Don’t Dismiss Clean Energy Spending Until You Read This

Gregory Dorsey
clean energy, china, electricity
Wednesday, May 2, 2012

A study by the Pew Charitable Trust released recently titled “Who’s Winning the Clean Energy Race” pegged global spending on renewables at a record $263 billion last year. Clean energy investment worldwide grew by 6.5 percent from 2010, expanding faster than the overall economy.

Americans will be pleased to see the United States sitting atop the report’s leader board, having committed $48 billion to the cause in 2011. Unfortunately, that amount falls far short of what’s truly needed for a successful transition away from fossil fuels. And that transition is imperative, not so much to fight climate change so much as out of necessity in the face of growing resource scarcity.

When it comes to renewables, we’re still lacing our shoes while China is well on its way in a marathon that it’s all too likely to win.

According to the Pew study, China came in a close second on the list, with outlays of $45.5 billion last year. But that figure greatly understates China’s actual commitment. Take purchasing power parity into consideration, for instance, and China was the hands-down winner. That $45.5 billion in China would be worth closer to $70 billion if spent in the United States. Pew’s count also doesn’t include related infrastructure spending, which in China reached into the billions as well last year.

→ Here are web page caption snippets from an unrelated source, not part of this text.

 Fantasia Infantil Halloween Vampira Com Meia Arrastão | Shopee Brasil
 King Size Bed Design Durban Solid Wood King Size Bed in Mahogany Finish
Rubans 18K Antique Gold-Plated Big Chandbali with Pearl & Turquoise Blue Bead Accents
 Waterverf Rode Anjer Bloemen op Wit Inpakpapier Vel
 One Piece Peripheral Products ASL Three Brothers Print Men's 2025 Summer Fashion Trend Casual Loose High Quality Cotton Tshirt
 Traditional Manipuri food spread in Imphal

Pew estimates the installed renewable energy capacity in the US at 92.9 gigawatts, which has climbed at a 28 percent annual rate in the past five years. But support for clean energy is rapidly waning. A grant program aiding in the development and construction of renewable energy plants expired at the end of last year. Likewise, tax credits for wind power are set to expire at the end of the year. Unfortunately, lacking these incentives, new capacity additions in the US are likely to slow to a crawl.

The drop in subsidies and spending on renewables in the US comes at a time when crude oil prices so far this year have averaged just shy of the record set in 2008. To be fair, oil is primarily used as a transportation fuel while wind and solar power have to compete with natural gas and coal. And with natural gas prices falling to $2.40 per million British thermal units, and coal prices also soft, it’s easy to see the short-term appeal in Congress for fossil fuels over renewables. But for the reasons we’ve outlined in the past, those low prices are likely to be only temporary.

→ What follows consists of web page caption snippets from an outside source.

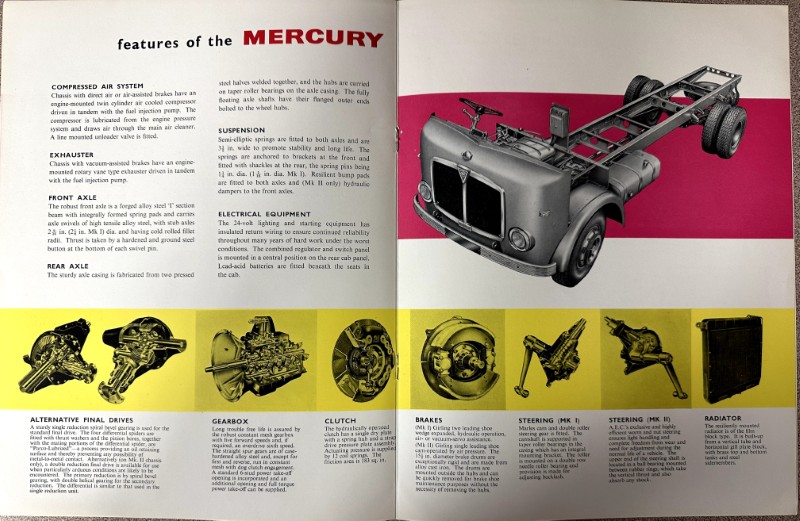 IMG_9469 | Merrick Auto Museum Two-page Mercury brochure spread showing a cutaway car chassis on the right and labeled component diagrams on the left.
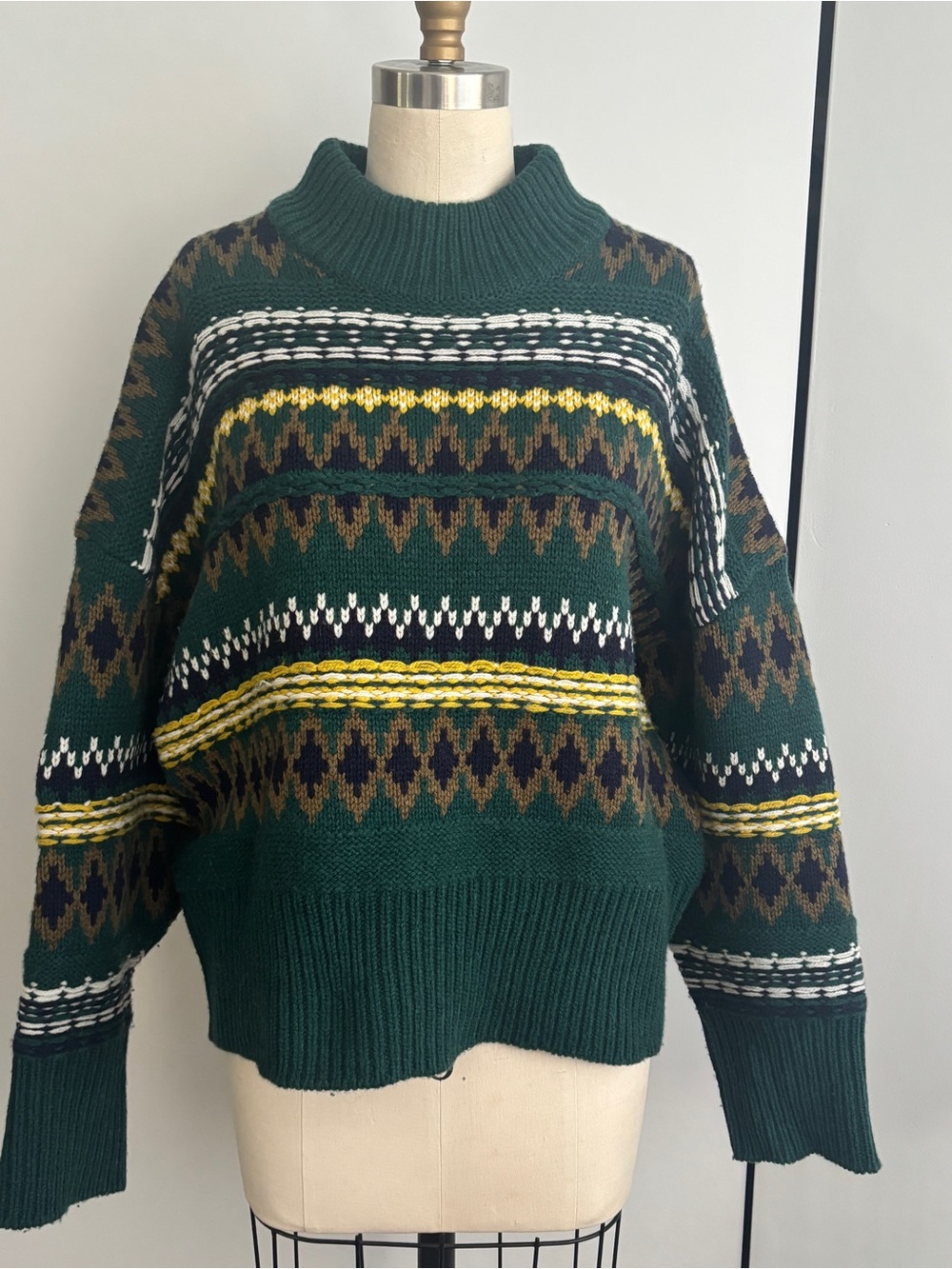 Rag & Bone Forest Green Fair Isle Turtleneck Sweater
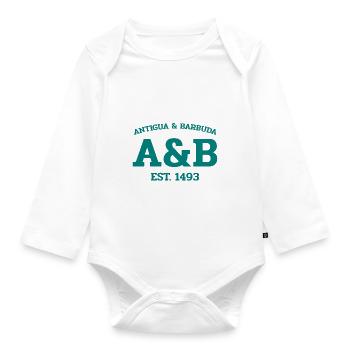Antigua and Barbuda - St John´s - West Indies - Baby Bio-Langarm-Body - Weiß - Vorne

China, meanwhile, recognizes that as with oil, coal supplies are finite. And its energy requirements will continue to rise rapidly well into the future. It’s well on its way to meet that challenge. Despite an economy that is still only three quarters the size of the US (on a PPP basis), China’s installed renewables capacity has climbed to 133.5 gigawatts, a level it has reached with a 5-year growth rate of 92 percent.

While its renewables growth rate will slow in the years to come, it’s still likely to exceed 50 percent for the foreseeable future. That’s because Beijing is targeting generating 20 percent of the country’s primary energy from alternatives by 2020, up from about 12 percent in 2010. In the United States, renewables account for less than 2 percent of primary energy usage today and are likely to account for only a very modest portion of our energy going forward.

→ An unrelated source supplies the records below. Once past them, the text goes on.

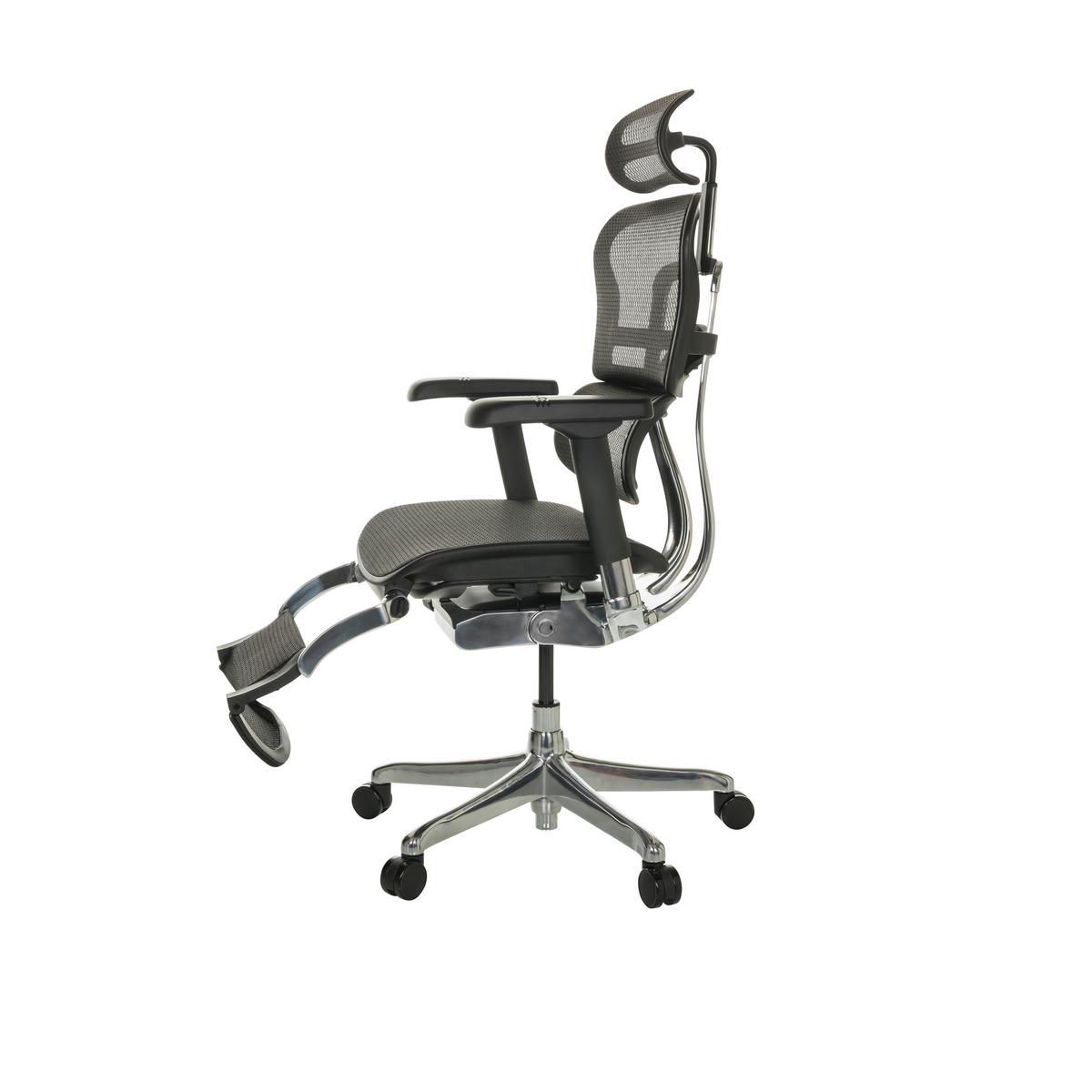 Drehstuhl Ergohuman Plus Legpro I - Schwarz/Grau, Basics, Kunststoff/Textil (68/118-141/64cm) - MID.YOU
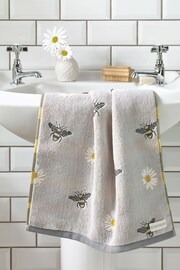 Grey Bee And Daisy 100% Cotton Towel - Image 5 of 5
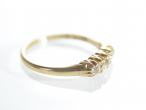 Victorian five stone diamond carved ring in 18kt yellow gold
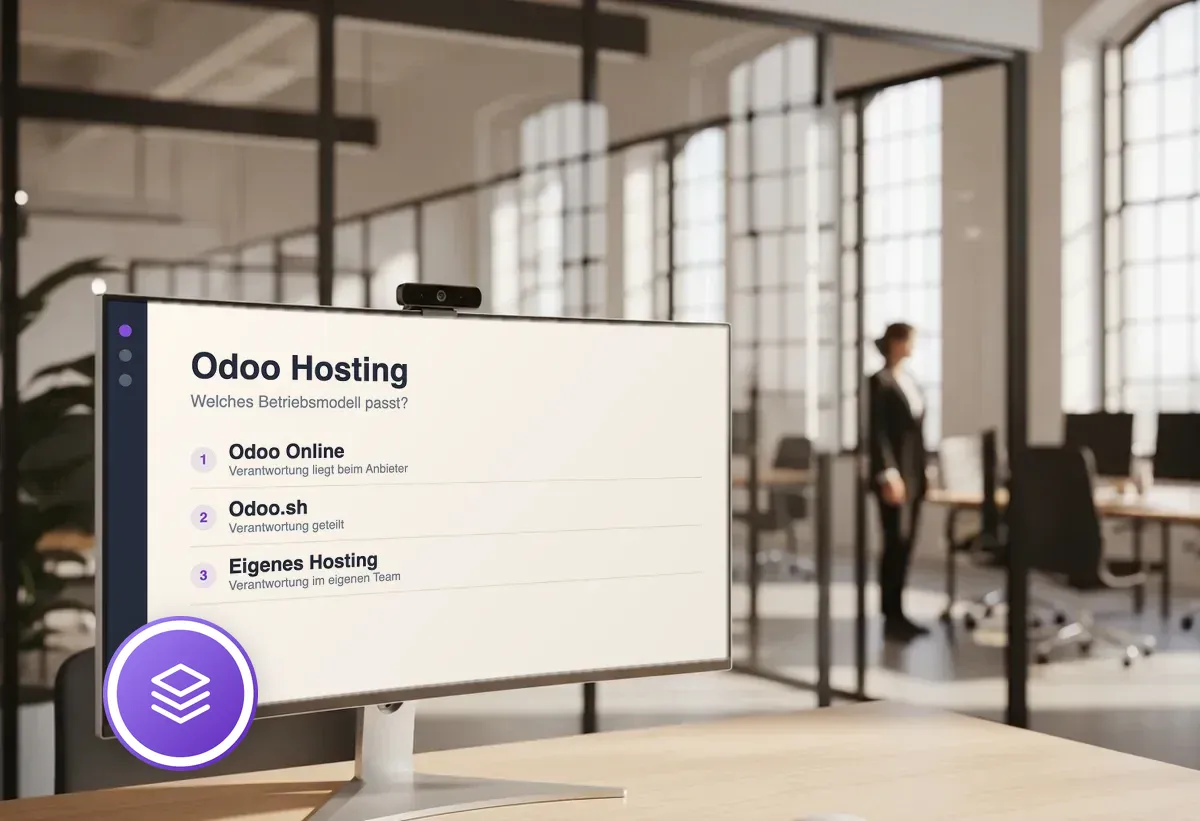 Curved-Monitor mit Vergleich der drei Odoo-Betriebsmodelle, im Hintergrund ein Glaswand-Grossraumbüro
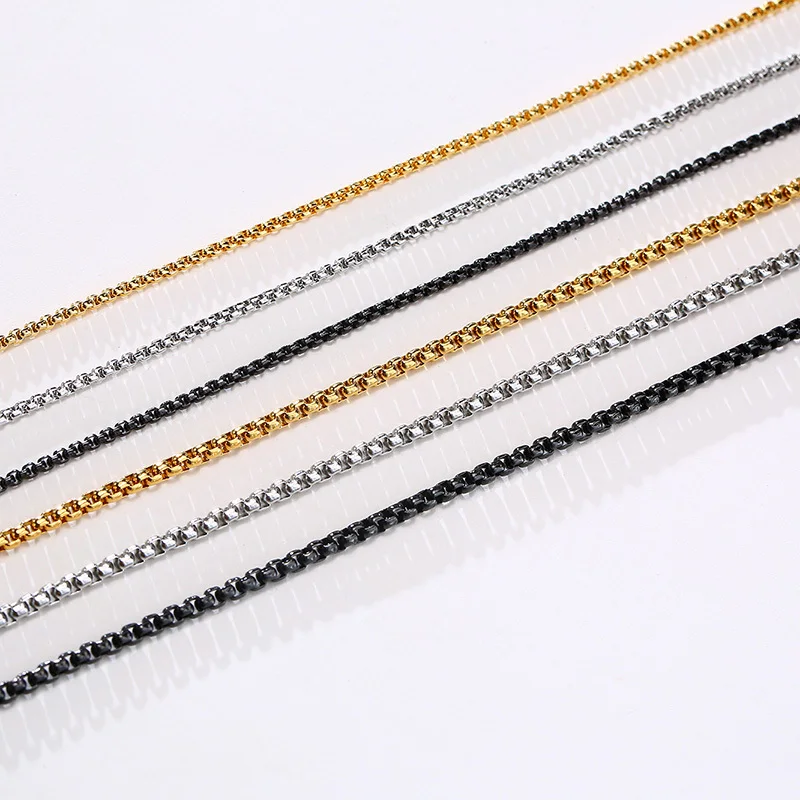 Vnox Basic 2-7mm Wide Square Rolo Round Box Chain Necklaces for Men Women, Stainless Steel CollarJewelry, 45/50/55/60/66/70cm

To achieve its clean energy goals, the country’s current five-year plan will steer trillions of dollars into not just alternative energy, but advanced materials, alternative-fuel cars, energy-saving and environmentally friendly technologies as well as next-generation information technology and high-end equipment manufacturing. It will foster the development of these sectors via policy incentives for corporations, investments by local governments and lending by state-controlled banks. And it will create a lot of jobs in the process.

The county’s run toward a renewable-based economy will require immense supplies of resources such as copper (for wind power) and silver (for solar). And the recent weakness in these and other commodities may be at an end judging by recent statistics out of China.

In stark contrast to the “hard landing” scenario so many have been calling for, China’s bank lending recently blew through even the most optimistic estimates, hitting a 14-month high of 1.01 trillion yuan ($160 billion). China’s bank lending is tightly controlled by the central government, so in effect what we’re seeing is de facto credit easing. Also supporting the idea that China’s economy remains on firm footing, the country’s crude oil imports remain near record levels.

As a result, commodity prices are likely to remain firm in the coming months, even if European economies continue to deteriorate.